Когда официантка вышла из зала, Жак заметил:
– Как еще непрочно ваше доверие…
В голосе его не было ни малейшего упрека: только сожаление, – и еще раскаяние, ибо он не забывал, что его поведение в прошлом могло дать Женни все основания для недоверия.
Она тотчас же угадала, что его мучит совесть, и, желая изгнать горькие воспоминания, быстро сказала:
– Видите ли, я так плохо подготовлена к тому, чтобы доверять… Я не помаю, чтобы когда-либо знала… (Она стала искать слово. И уста ее сами произнесли слова, слышанные от Жака.)… душевный покой. Даже ребенком… Такая уж я есть… – Она улыбнулась. – Или, во всяком случае, такой я была… – Затем вполголоса она прибавила, опустив глаза: – Я еще никому в этом никогда не признавалась! – И, бросив беглый взгляд в сторону кухонной двери, она непроизвольно протянула Жаку через стол обе руки – свои тонкие, теплые, дрожащие ручки. Она чувствовала, что полностью принадлежит ему. И ей хотелось отдаться еще полнее, исчезнуть, раствориться в нем без остатка.
Он прошептал:
– Я был, как вы… одинок, всегда одинок! И никогда не знал покоя!
– Это мне знакомо, – сказала она, ласково отнимая свои руки.
– То мне казалось, что я выше других, – и гордость опьяняла меня; то чувствовал себя глупым, невежественным, уродом, – и меня грызло чувство унижения…
– Совсем как я.
– …от всего отчужденный…
– Как я.
– …словно замурованный в своих странностях…
– Я тоже. И без всякой надежды выйти из этого круга, стать похожей на других.
– А если я в определенные минуты не отчаивался до конца в самом себе, продолжал он во внезапном порыве благодарности, – знаете, кому я этим обязан?

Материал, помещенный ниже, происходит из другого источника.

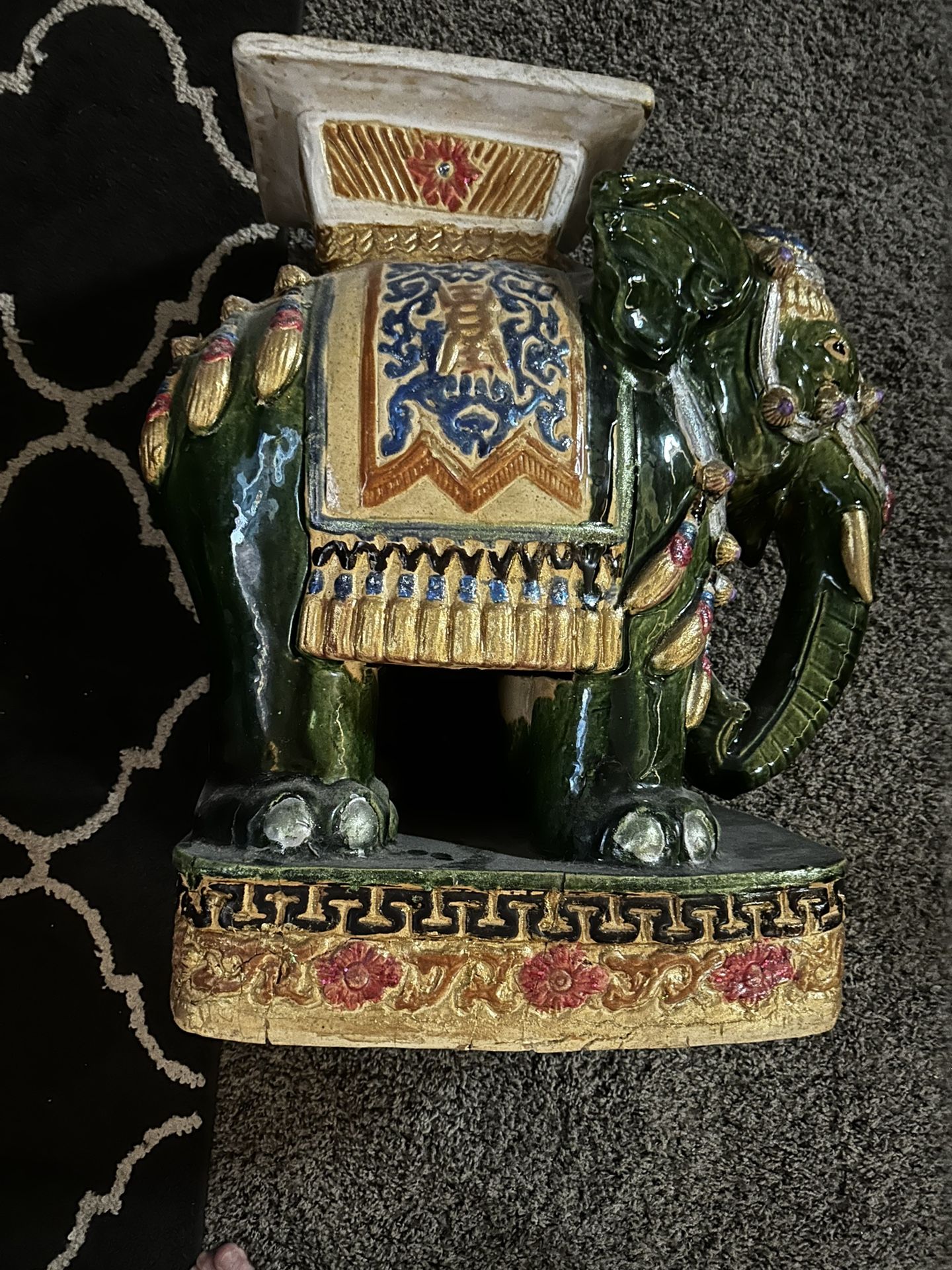 Vintage Decorated Large Ceramic Elephant Garden /Seat Table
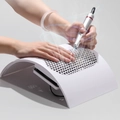 White nail dust collector with high power motor and electric drill for professional manicure - 665-US Plug / White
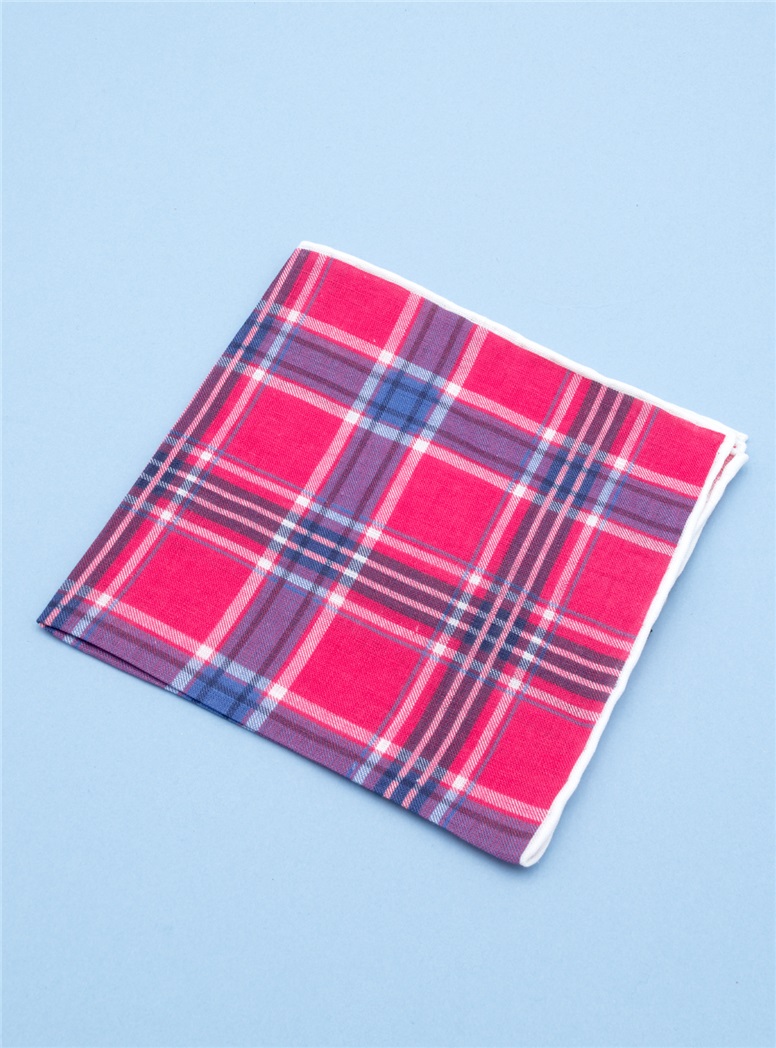 Azalea and Navy Plaid Linen Pocket Square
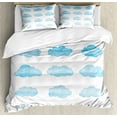 thumbnail image 1 of Cloud King Size Duvet Cover Set, Hand Drawn Clouds Blended Watercolor Technique Fabric Texture, Decorative 3 Piece Bedding Set with 2 Pillow Shams, Azure Blue Baby Blue and Blue, by Ambesonne, 1 of 3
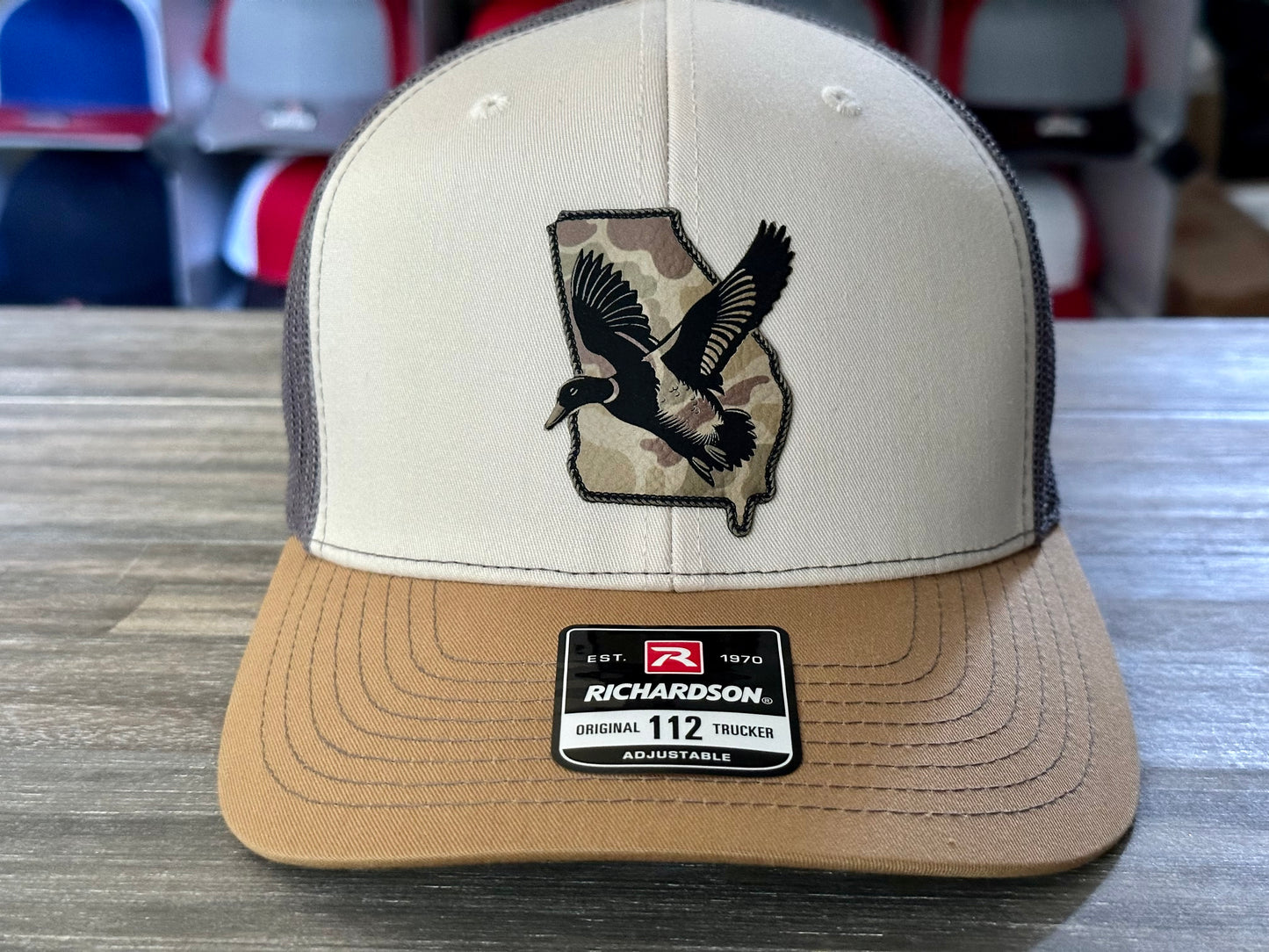 Duck on Marsh Camo Georgia Patch on Richardson 112 SnapBack Cap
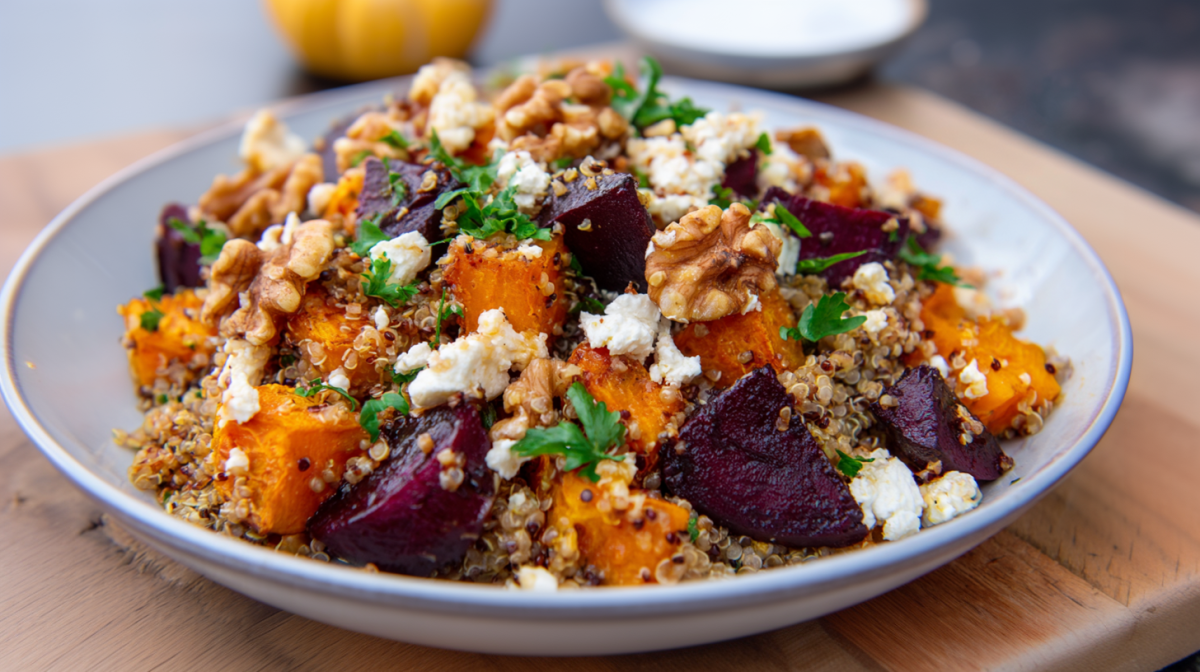 Eine Quinoa-Bowl mit Kürbis und Rote Bete sowie Walnüssen und Feta. Garniert mit frischen Kräutern.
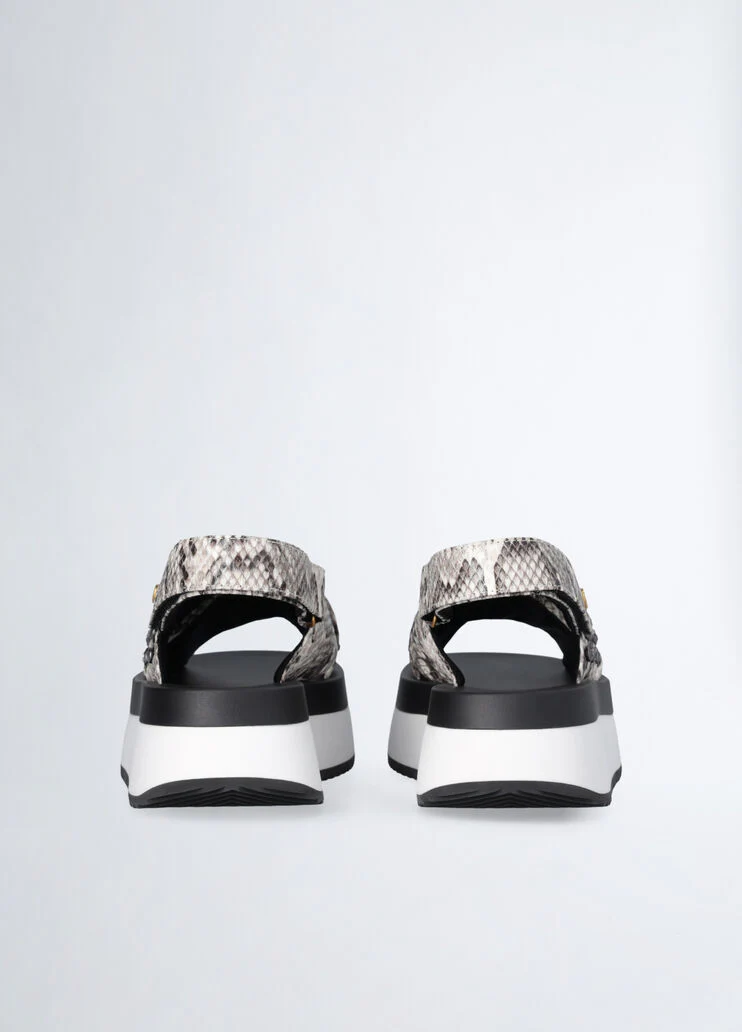 Platform sandals with jewel studs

Одну секунду она испытывала безумную надежду, что он скажет: "Вам!" Но он сказал:
– Даниэлю!.. Наша дружба была прежде всего обменом признаниями. Меня спасли привязанность и доверие Даниэля.
– Как меня, – прошептала она, – совсем как меня! У меня не было друзей, кроме Даниэля.
Им не надоедало объяснять себя друг другу и друг через друга и смотреть друг другу в глаза жадным и радостным взором. Каждый из них ждал, как признания, как последнего доказательства их взаимного понимания, чтобы на его улыбку ответила улыбка другого. Какое это было удивительное и сладостное чудо – ощущать, как другой так легко проникает в тебя своей интуицией, и обнаруживать между ним и собою такое сходство! Им казалось, что этот обмен признаниями неисчерпаем и что в данный момент на свете нет ничего важнее этого взаимного изучения.